» TO DO:
Would you retype, word for word, only the lines from the one holding "6cbm Compactor Garbage Truck with 120HP" through the final line of the entries below, without the pictures?

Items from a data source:
——————————
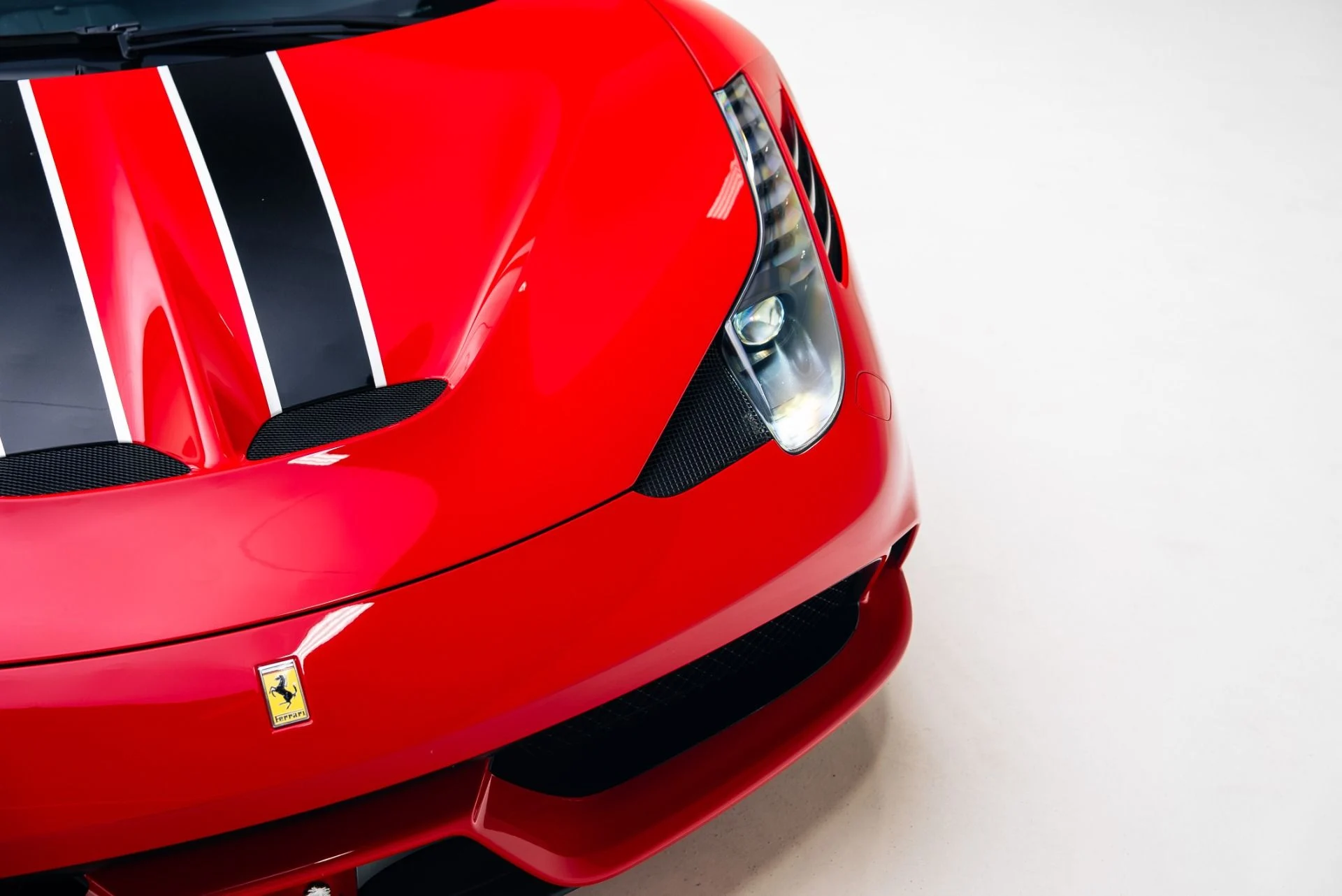mph007_4155493847_Used_2015_Ferrari_458_Speciale_1766529328_89143ed1b9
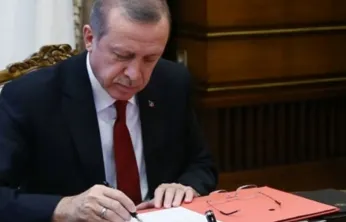 Kabinede şok değişim! İki bakan değişti!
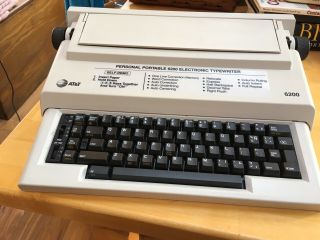At&t Electronic Typewriter Personal Portable 6200 With Daisy Wheel/supply Kit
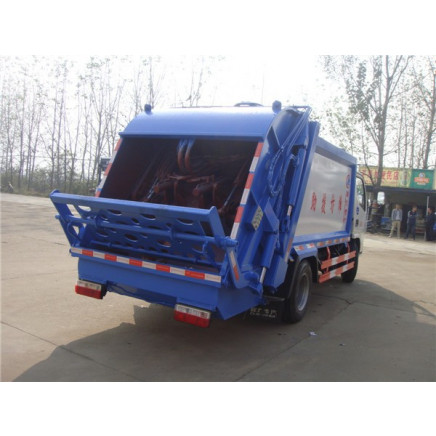 6cbm Compactor Garbage Truck with 120HP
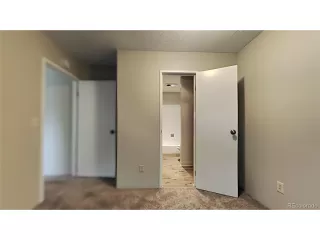 Photo #6: 4586709 Listing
——————————
» RESPONSE:
 6cbm Compactor Garbage Truck with 120HP
 Photo #6: 4586709 Listing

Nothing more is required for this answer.